I usually wrap it in foil and put it in the oven.  Never heard of the wet method before, psiguyy!  How wet do you let the rolls get?


----------



## kitchenelf

When you run them under the facet they don't get that wet because the outside is kind of crispy already.  You can also just sprinkle them with water but it's much faster to just run them under the faucet.

You don't want to hold them there - just briefly run under the faucet.


----------



## PA Baker

kitchenelf said:
			
		

> When you run them under the facet they don't get that wet because the outside is kind of crispy already.  You can also just sprinkle them with water but it's much faster to just run them under the faucet.
> 
> You don't want to hold them there - just briefly run under the faucet.

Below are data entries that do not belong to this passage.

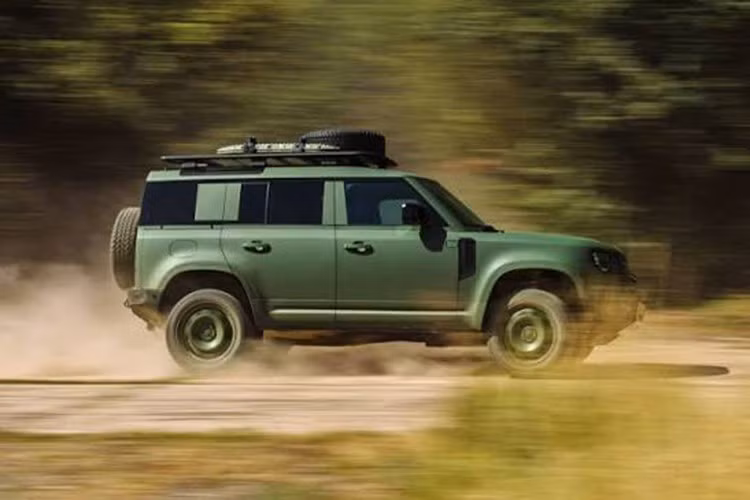 Cũng theo Land Rover, Defender đã chứng minh năng lực tại giải đua Dakar khắc nghiệt nhất hành tinh và trong một cuộc trình diễn tại khu thử nghiệm độc lập của Bộ Quốc phòng. Tại đây, Defender Wolf Series II được cho là mẫu xe duy nhất thành công vượt qua toàn bộ chướng ngại vật, thể hiện “khả năng off-road vượt trội”.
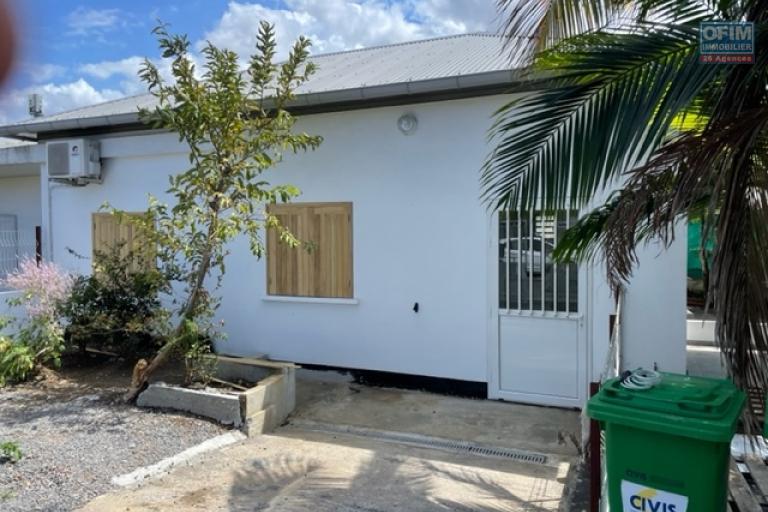 À louer charmante villa F3 avec jardin à Saint-Louis
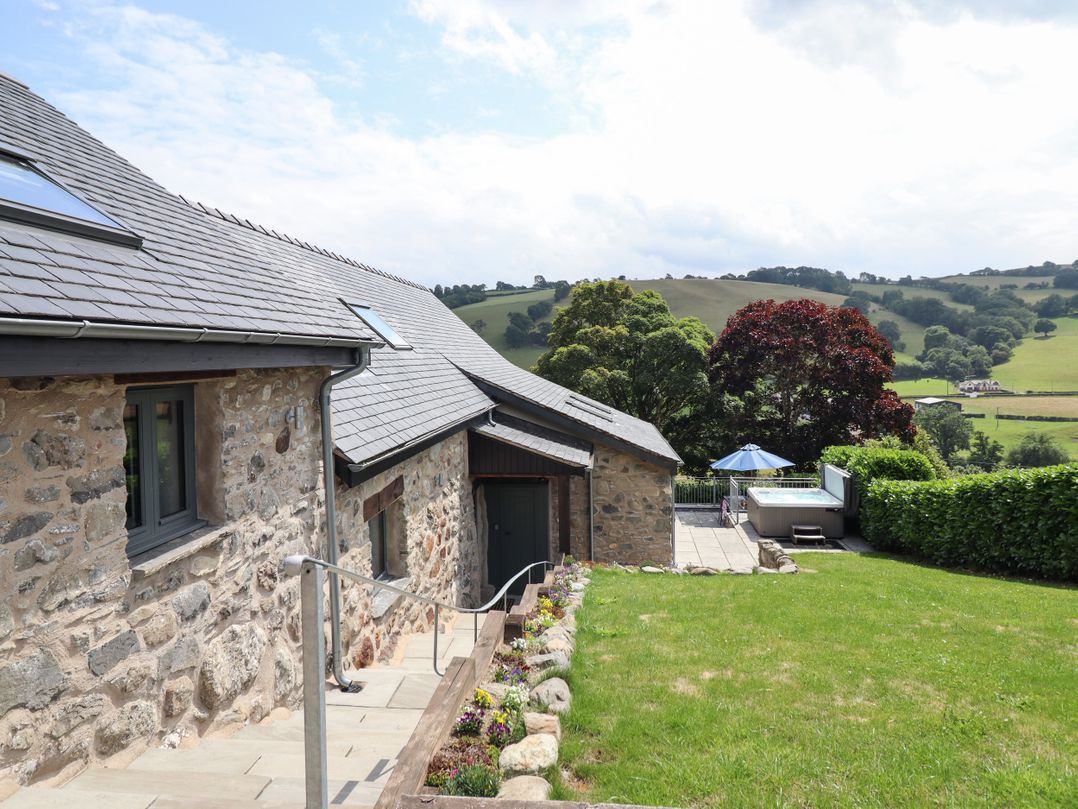 Ysgubor Tyddyn Isaf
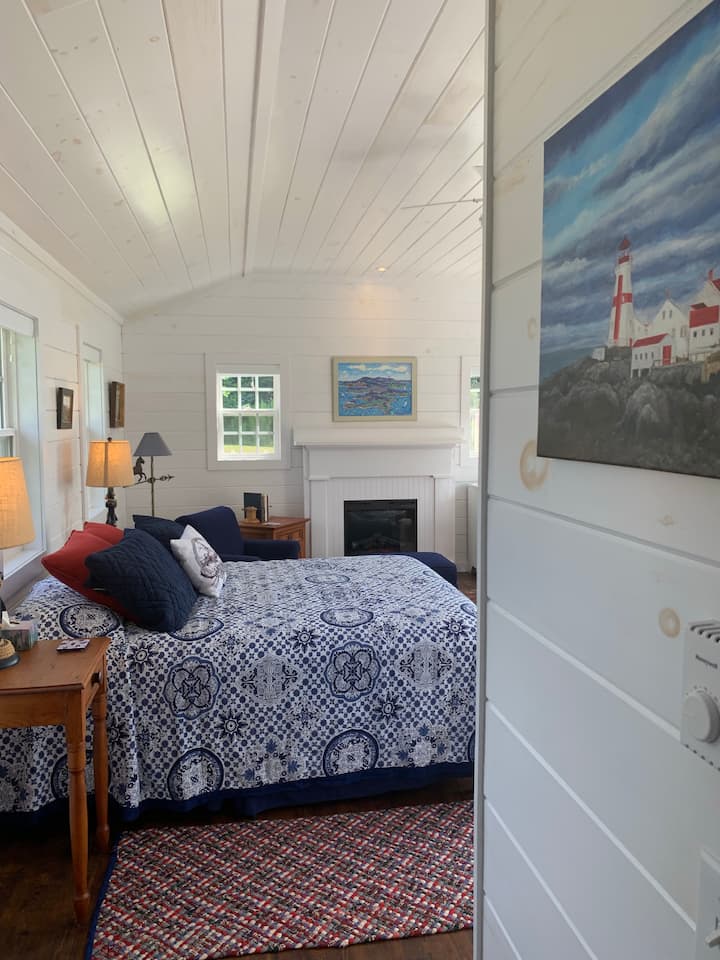 Entry to the Master Bedroom at the Starfish cottage with queen bed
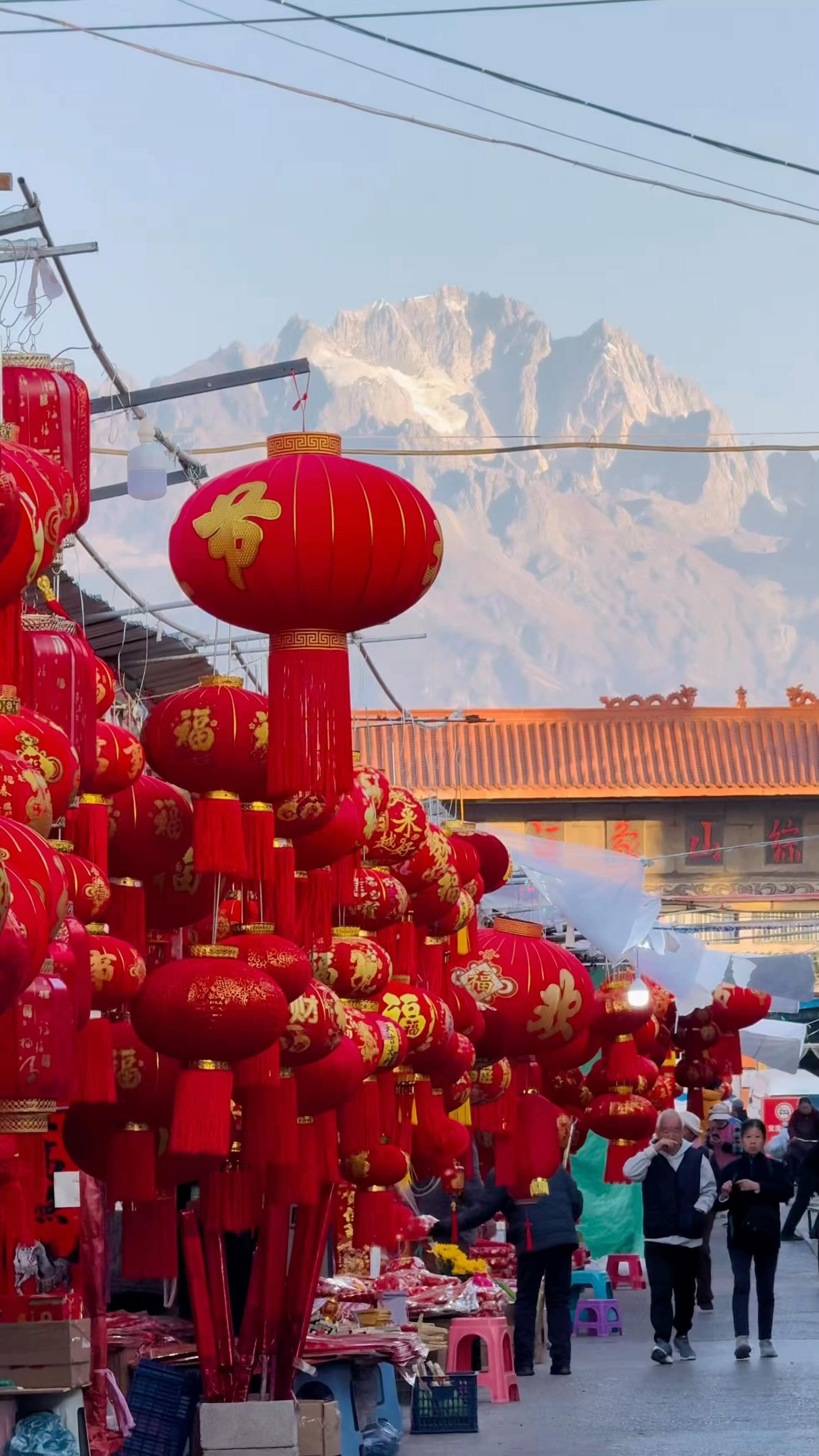 The Jade Dragon Snow Mountain has seen a thousand new years. This year is no different.
Red lanterns glow. Shoppers hurry. The market stirs one last time before Chinese New Year.
Spring is almost here.
📍Lijiang, China
#chinesenewyear #yunnan #lijiang #woksandwonders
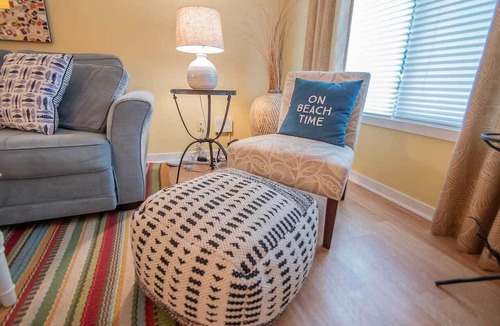 Hilton Head Villa | Walk to Hilton Head Island Beach: Villa w/Balcony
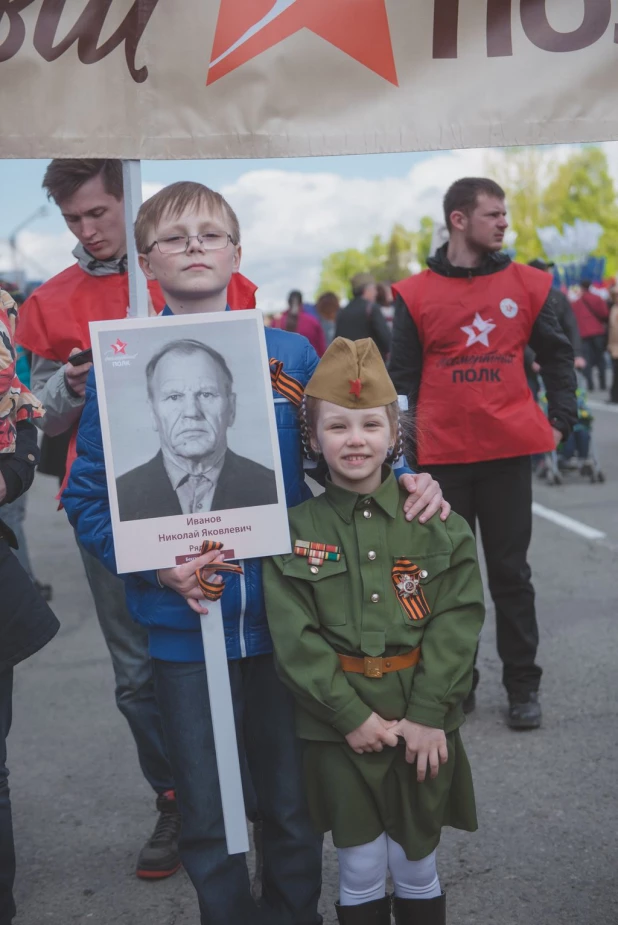 Участники "Бессмертного полка" в Барнауле. 9 мая 2016 года.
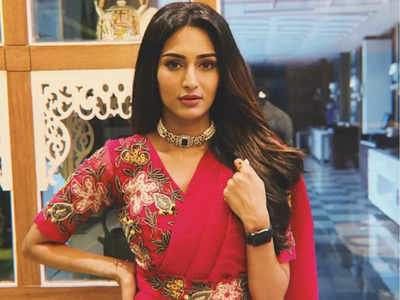 Erica Fernandes pays tribute to her characters Sonakshi and Prerna; watch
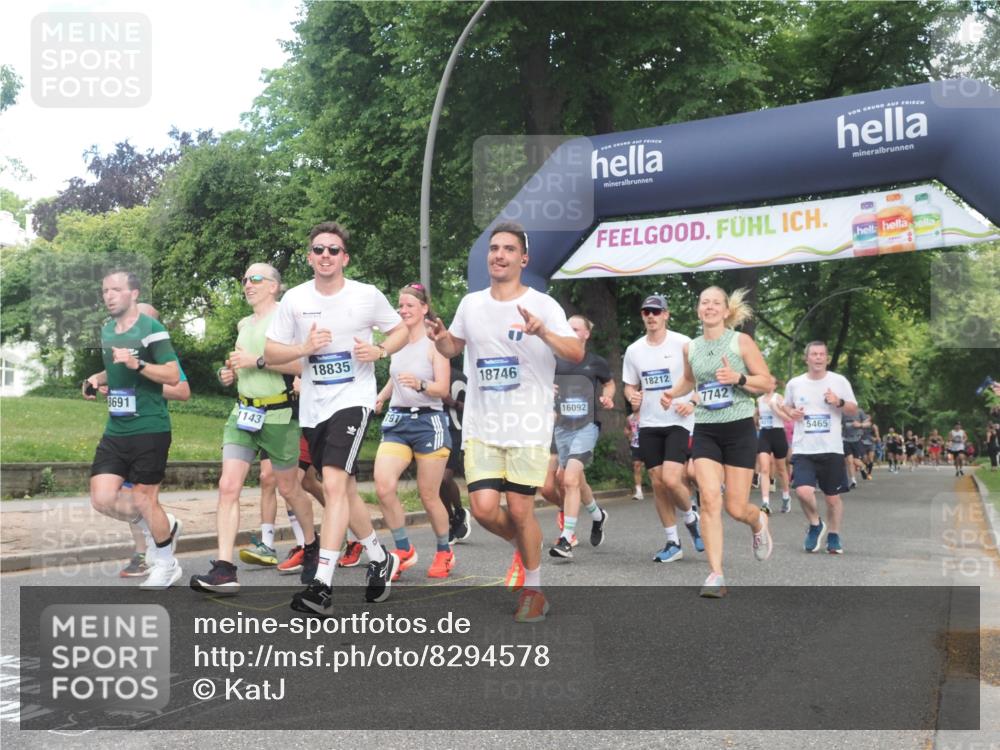 29.06.2025 - hella hamburg halbmarathon KatJ http://msf.ph/oto/8294578 29.06.2025 10:42:38 Zwischen KM18-KM19 1179, 2029, 2378, 5465, 7646, 7742, 8691 meine-sportfotos.de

Makes sense!  Silly me, I was picturing turning them into sponges!  :roll:


----------



## debthecook

I will wet very lightly a paper towel, put the roll in a soup bowl, cover with wet paper towel and micro for a few seconds.


----------



## Psiguyy

I do it like Kitchenelf.  Just turn the water on in the sink and pass the bread or rolls under the water until the whole outside is wet.  Takes a second or two.  You're not trying to make bread pudding.    

I heat it directly on the rack of my oven (toaster oven, usually) at 350 until the crust turns crunchy, but not browned anymore than it was originally.  

I've found that doing it like this is the closest I can get to freshly baked bread.  

Give it a try.  I think you'll be pleasantly surprised.


----------